MUD triumphed in the opening match of the World Ultimate Club Championships ©Paul Rutherford for Ultiphotos

Japan’s MUD displayed their strength, and potential title credentials, after defeating Canada’s Traffic 15-10 in the opening match of the World Flying Disc Federation Ultimate Club Championships here at the Atrium Stadium in Ohio.

Risa Shimada starred for the Japanese team with three goals and two assists while the Canadians were forced to play the majority of the first half without their best player, Catherine Menzies.

Menzies, who is the only member of her squad to compete at The World Games 2022, missed a significant portion of the match due to flight issues causing her to arrive during the blockbusting opener at Mason High School.
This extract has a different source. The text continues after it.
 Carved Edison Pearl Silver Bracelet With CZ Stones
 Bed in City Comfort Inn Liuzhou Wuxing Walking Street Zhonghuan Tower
The electric atmosphere from the stands was matched by the energy of the two teams competing in Pool G of the women’s event.

MUD’s Kanari Imanishi scored the first goal of the 2022 edition before Traffic’s Daisy Lin replied three minutes later.

A two-goal cushion was opened by MUD thanks to Shimada scoring her first before Shori Ogawa caught a spectacular 40-yard pass in the end-zone.

Traffic replied soon after through Marie-Eve Beauchemin but MUD fired back following a combination between assister Shimada and goal scorer Yuko Kashin.

However, the two-goal deficit did not faze the Canadians as Madison Ong and Andrea Moir bagged goals within one minute and 15 seconds of each other to level the match at 4-4.

Traffic and MUD contested a hard-fought opening game of the World Ultimate Club Championships ©Paul Rutherford for Ultiphotos
Traffic and MUD contested a hard-fought opening game of the World Ultimate Club Championships ©Paul Rutherford for Ultiphotos

A common theme of the first half saw MUD taking the lead and Traffic drawing level to keep their hopes alive.

Following goals from MUD’s Rena Hayashi and Traffic’s Jessica Rockliff, Kashino made the most of a defensive breakdown and Jocelyn Proby equalised not long after.

The teams continued to go back and forth with Shimada and Sarah Norton trading goals and Kashino diving for her team’s eighth goal to secure a half-time lead.

A similar picture continued early into the second half as Yuriko Nishikawa restored a two-goal advantage before Menzies made her mark on the tie to rally her team.

They responded to her call as Monica Hsu made it 9-9.

Shimada tallied her third and Yukie Yamaguchi added her first to go 11-9 up and this time there was no miraculous counterpunch from the Canadians.

The Canadians stubborn resistance was broken following goals from Shiori Ogawa, Nishikawa and Sayako Nemoto.

Terri Whitehead recorded Traffic’s 10th goal, but it proved to be only a consolation as Yukiko Akagi wrapped up the match as MUD took the early lead at the top of Pool G.

An Opening Ceremony dedicated to the event’s volunteers was held prior to the first match.

Australia’s Simon Farrow and the US’ Daniel Haas, Tony Carbonneau and Christine and Bob Scheadler received volunteer awards as a symbol of recognition towards all the volunteers, which totals approximately 600 individuals.

Christine and Bob are responsible for founding Cincinnati Ultimate in 1998.

Britain’s Molly Wedge accepted the Spirit of the Games award on behalf of her team for winning The World Games earlier this month.

A flag parade of the 30 competing nations followed before guest speakers took to the stage, including vice mayor Adam Matthews and World Flying Disc Federation President Robert “Nob” Rauch.

The ceremony’s climax was reached with local ultimate player Jared Garel singing the United States national anthem and three ex-Navy military veterans of the group Fastrax parachuting to present the match disc once they landed.

Their landing signified that the competition was open.